# AP master test kit



## deezdrama (Jul 9, 2005)

I dont understand why this kit does not come with a nitrate test. Now I have to buy another bottle.


----------



## Susp3nc3 (Jan 27, 2005)

heh my AP master test kit came with one


----------



## mashunter18 (Jan 2, 2004)

Moved to equipment forum...


----------



## deezdrama (Jul 9, 2005)

why the hell didnt mine?


----------



## doctorvtec (May 15, 2004)

Did it say on the box it is supposed to?

I have the AP master kit, and mine came with a nitrate test.


----------



## jesterx626 (Jul 27, 2005)

doctorvtec said:


> Did it say on the box it is supposed to?
> 
> I have the AP master kit, and mine came with a nitrate test.
> [snapback]1190025[/snapback]​


same here.


----------



## dipset.taliban (Sep 8, 2005)

u got beat in ur face

take that sh*t back


----------



## BASSFISHERMAN (Feb 22, 2004)

the older versions of the kit did not have a nitrate test. looks like someone ripped you off


----------



## doctorvtec (May 15, 2004)

bassfisherman said:


> the older versions of the kit did not have a nitrate test. looks like someone ripped you off
> [snapback]1190290[/snapback]​












Hence why you always check the box for a contents list.

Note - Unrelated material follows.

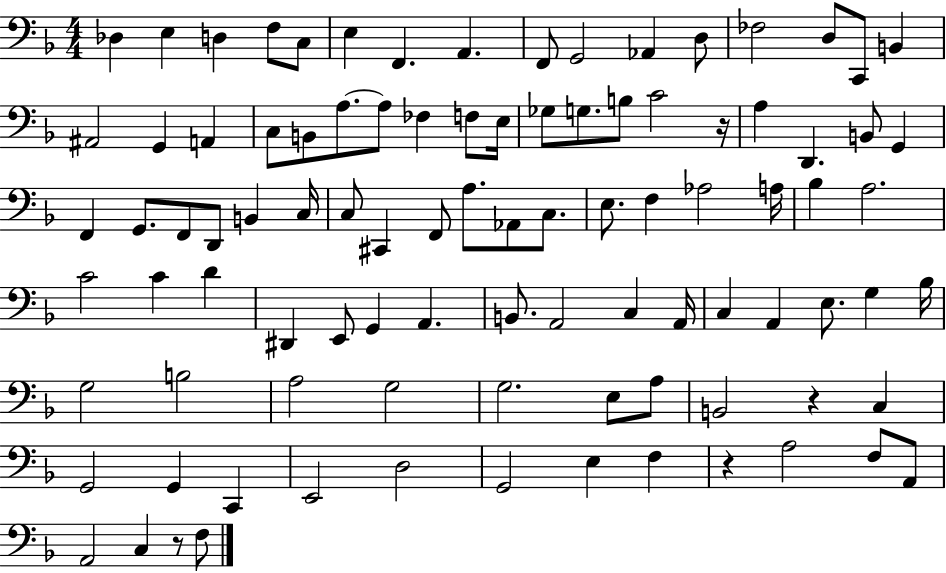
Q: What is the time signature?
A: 4/4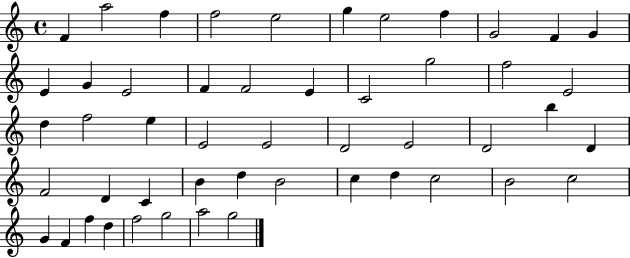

Wow, I can't believe the old kits are still floating around.


----------



## jamesdelanoche (Dec 15, 2004)

yeah i just got one and its got the nitrate test, i love this test kit btw


----------



## Piranha King (Nov 28, 2002)

take it back if you can.
wes


----------



## deezdrama (Jul 9, 2005)

I bought it on ebay


----------



## Susp3nc3 (Jan 27, 2005)

deezdrama said:


> I bought it on ebay
> [snapback]1190546[/snapback]​


that could explain the old test kit







i would be reluctant to buy one on ebay since you dont know how old it is....you dont want an old test kit anyway...


----------



## deezdrama (Jul 9, 2005)

do you think it is not accurate now???? All the bottles seem unused.


----------



## doctorvtec (May 15, 2004)

If the bottles were unused, I think the tests you currently have will be a-ok.


----------



## Dr. Giggles (Oct 18, 2003)

I was told once that if manufactured in the US come with the gH while the ones that come out of Canada contain the nitrate test kit. Not sure on the accuracy of that report.


----------



## deezdrama (Jul 9, 2005)

I seen the ones last night at the pet store with the nitrate.


----------